When assigned to the North Atlantic Blockading Squadron, the ship was moved from the James, to the York, or to the Rappahannock River as demanded by the military situation ashore.

=== Operations on the James River in Virginia ===
Highlights of Stepping Stones service were the operations on the James in July 1862 to help protect General George B. McClellan's beleaguered army at Harrison's Landing.

During 1863 She was stationed in the Nansemond River and participated in the Siege of Suffolk (VA) undertaken by Longstreet's Corps. One notable event was rescuing, under heavy fire, of when that ship had been grounded and disabled during and engagement with an earth works near Suffolk, Virginia. Later, after running the same battery, she made two landings against the earth works; which fell in an assault by Union Army units supported by the Stepping Stones' boat howitzers.

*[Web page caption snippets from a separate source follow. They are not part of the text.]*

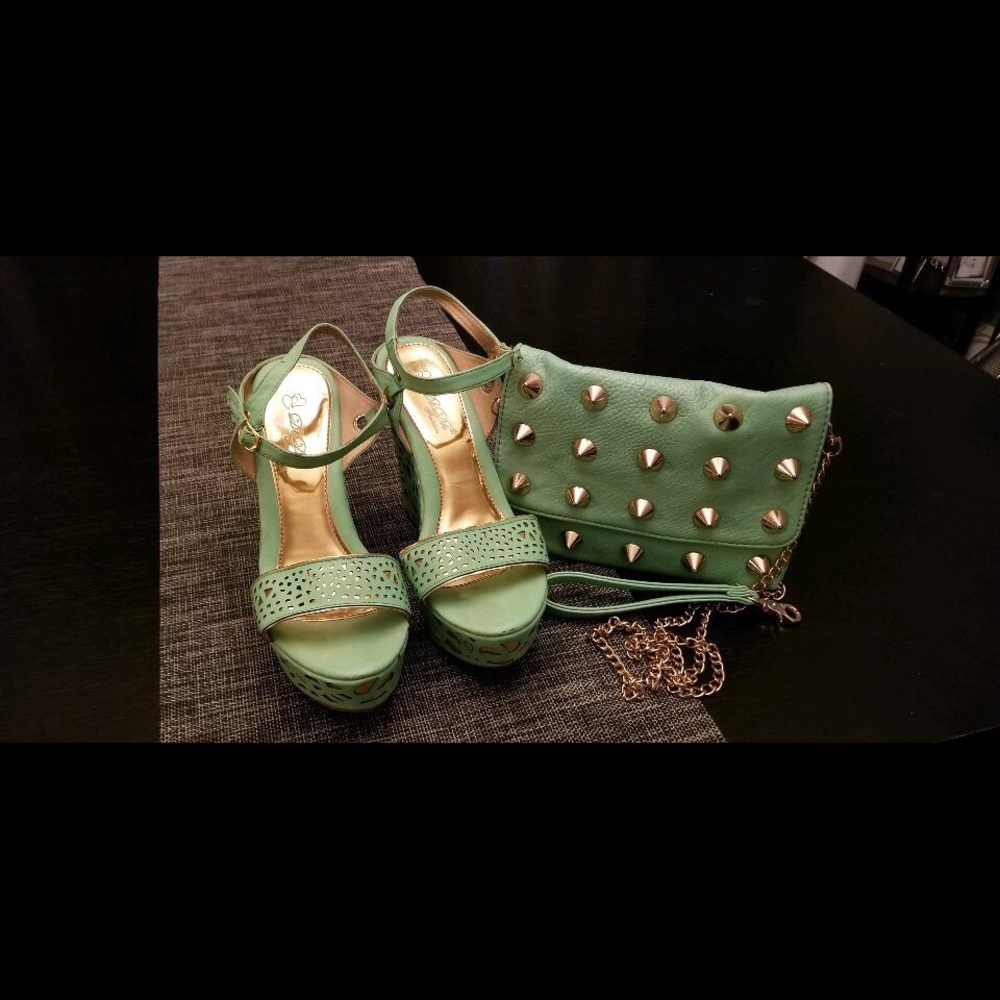 Wedge Sandals with matching purse
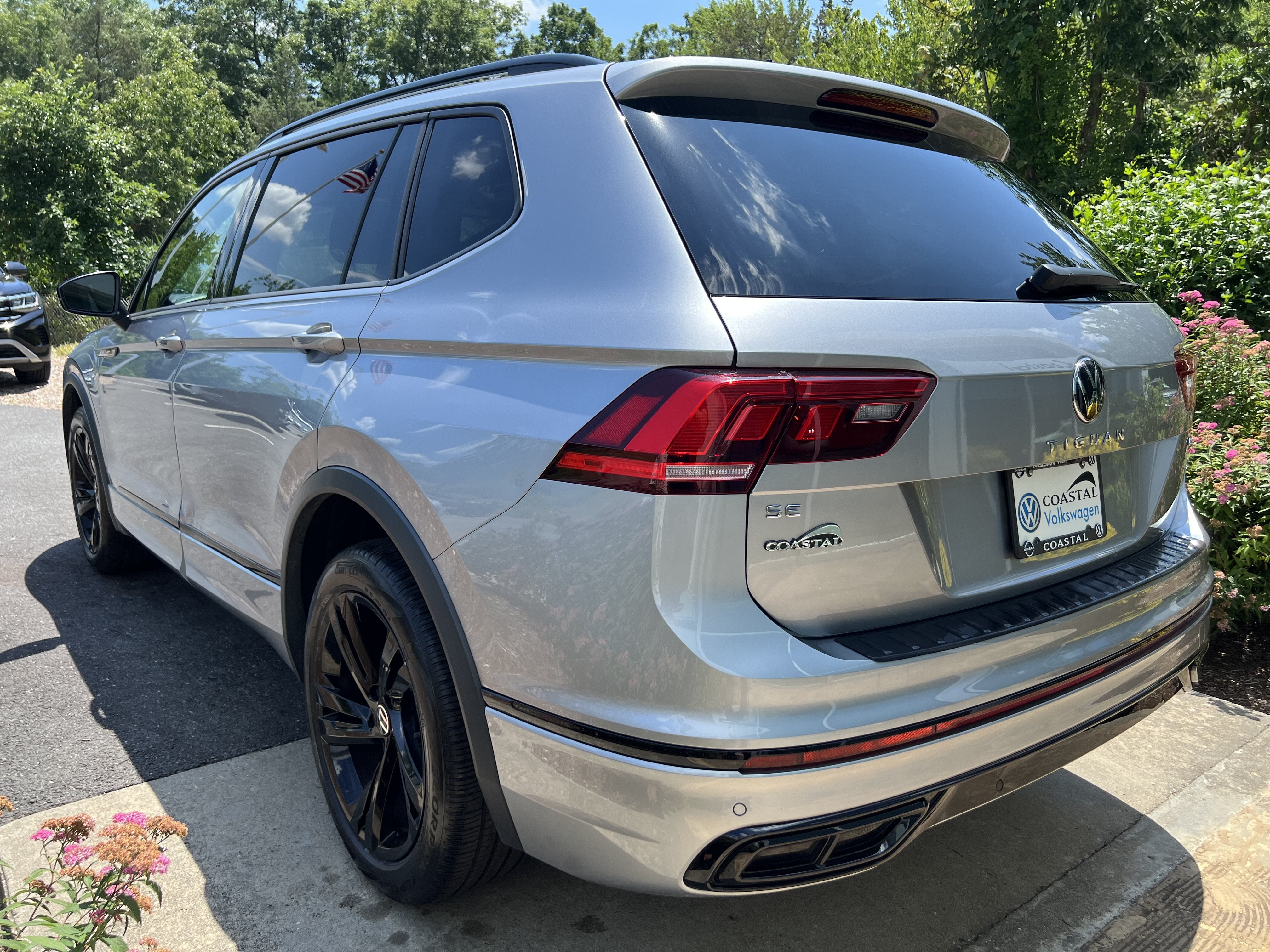 2023 Volkswagen Tiguan SE R-Line Black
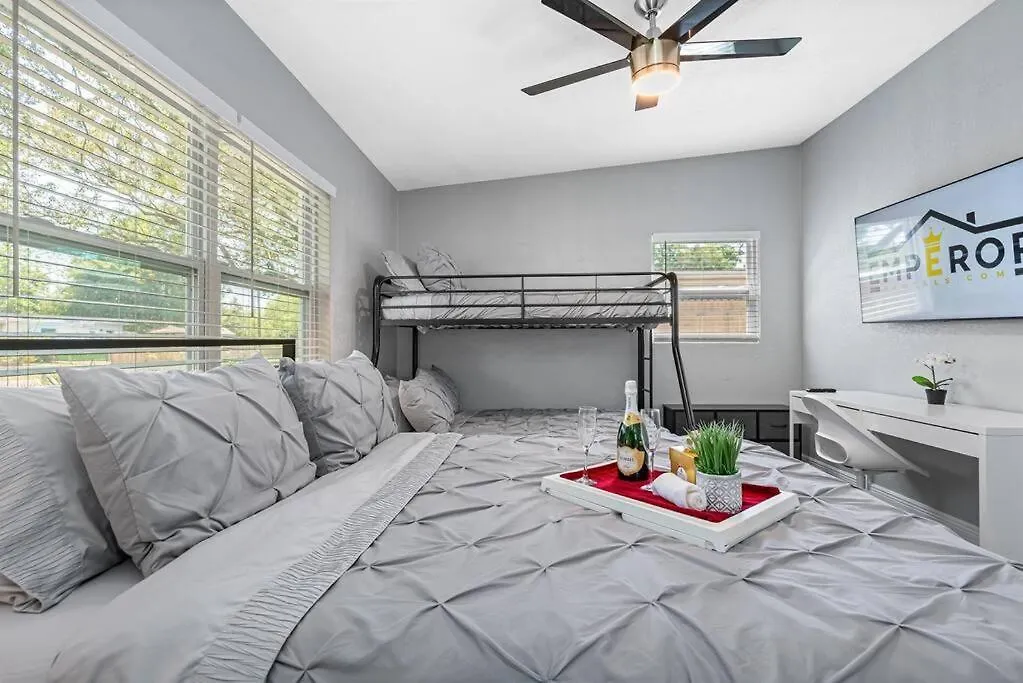 Heated Pool Home * King Bed Tampa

Also notable is her participation in a mid-April 1864 Army-Navy expedition up the Nansemond River.

In May 1864, she became part of a torpedo sweeping (mine sweeping) and patrol force on the James.

=== Capturing Confederate blockade runners ===
On 9 November, she captured two blockade-running sloops, Reliance and Little Elmer, in Mobjack Bay.

In March 1865, less than a month before Robert E. Lee surrendered, Stepping Stones was in a naval expedition up Mattox Creek to Colonial Beach, Virginia, where the Union ships attacked a supply base for Confederate guerrillas operating on the peninsula between that river and the Potomac River.

== Post-war decommissioning, sale and subsequent civilian career ==
After the war ended, Stepping Stones was decommissioned at the Washington Navy Yard on 23 June 1865 and was sold on 12 July 1865 to W. D. Wallach. Redocumented as Cambridge on 27 July 1865, the steamer was reduced to a barge on 2 August 1871 and soon disappeared from maritime records.